Comedians find their way to the stage in a variety of ways. Some people stumble into an open mic night by accident, some practice in their bedrooms for years before making their debuts, and some have been onstage for years–but in a different capacity. Chuck Parker is a performer who was in that third category. Though he started comedy in 2020, he’s been a musician for much longer.


As the bassist and lead singer of Duke City Riots since the band formed in 2011, Parker is no stranger to being in front of a crowd, but he knows better than anyone that the two roles have notable differences. “Comedy has you more on the spot as an individual. You don’t have instruments or other people to hide behind. You are exposed, for better or worse.” He adds, “Comedy stage time is more frequent, but often [briefer], so it winds up taking less out of you, energy wise.
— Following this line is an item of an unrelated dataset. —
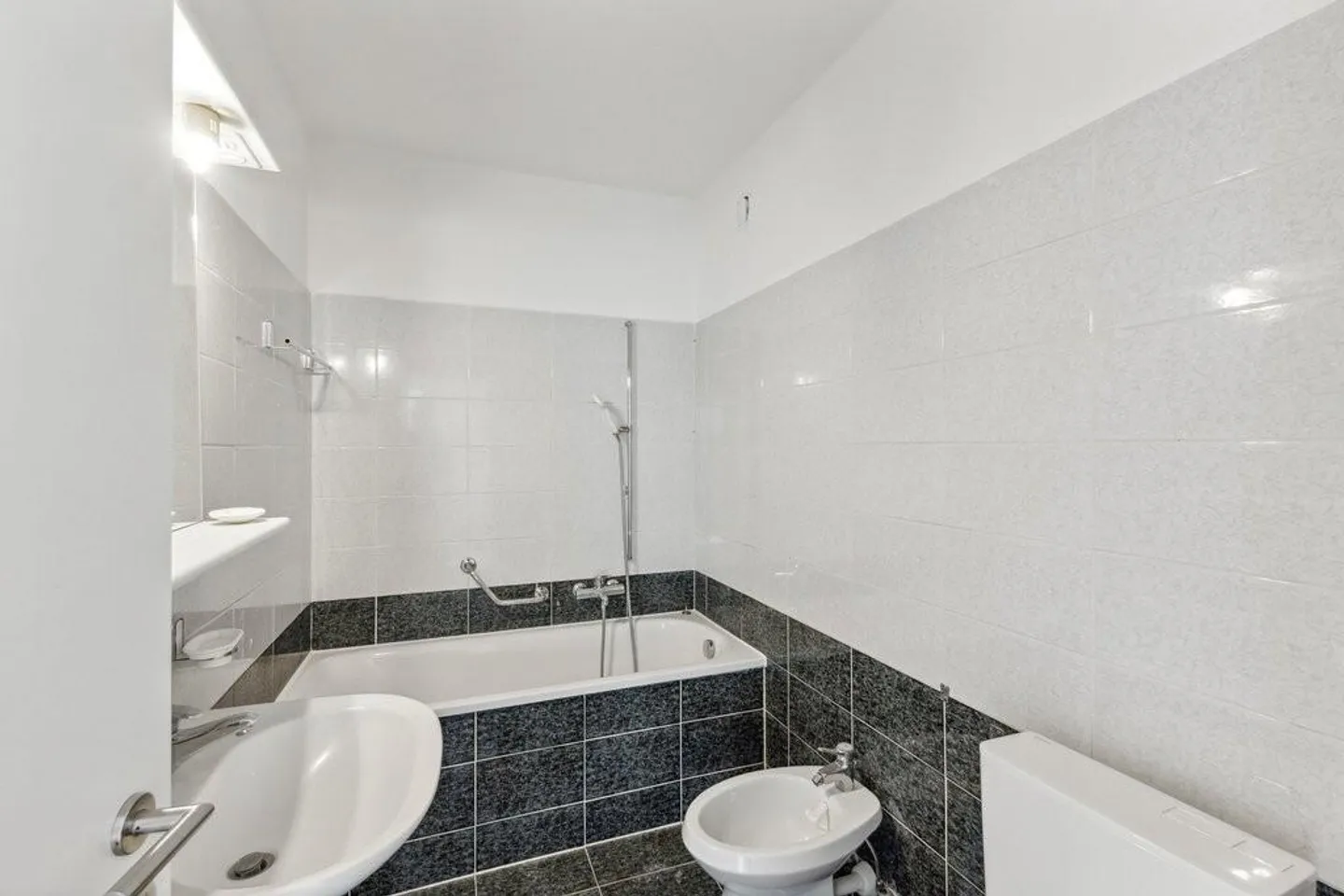 Geräumige 4.5-Zimmer Wohnung - Foto 6 von 6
On top of which, you’re not hauling a herniating amount of gear, to and fro, to do one set.”


It’s not just the performance approach that’s different. Parker also notices that there are some A/V differences that live music has from live comedy. “In a music venue, it’s more important that the PA is good, and the bands usually bring the audience. In comedy, you can have an SM58 (mic) plugged into a speaker, and if it’s a decent crowd, that’s a good spot. Comedy always comes down to the audience.”


And when asked about his favorite places to lob jokes at crowds? “I enjoy Revel here in Albuquerque and Tumbleroot in Santa Fe,” he says. “Both are good rooms with people there to see stand-up comedy–something that isn’t always a given at other venues.”


As a part of the comedy community, Parker has gotten the chance to perform alongside fellow comics. He specifically mentioned performer Robert Eyster as someone he admires for the ability to quickly think up material, moments before taking the stage. When pushed for more details, Parker adds that he’s partial to Eyster’s bit describing “the terrible affliction of Muppetism.”


In addition to memorable sets and shows, Parker also says being part of the 2021 Funny Fiesta was “a high point.” Adding, “The whole experience was so fun. Especially doing the sketch show.” Sketch comedy is something Parker has also added to his repertoire. He’ll feature fellow comedian and Funny Fiesta alum Jared Ostrom’s online video sketches where, due to his long hair and beard, is often cast as the big man himself: Jesus Christ.


Looking forward, Parker has big plans. “I wanna be on the road as a national act, working towards doing a [comedy] special. I think I’d like to write more scripts for tv and movies, too.” Rock and roll.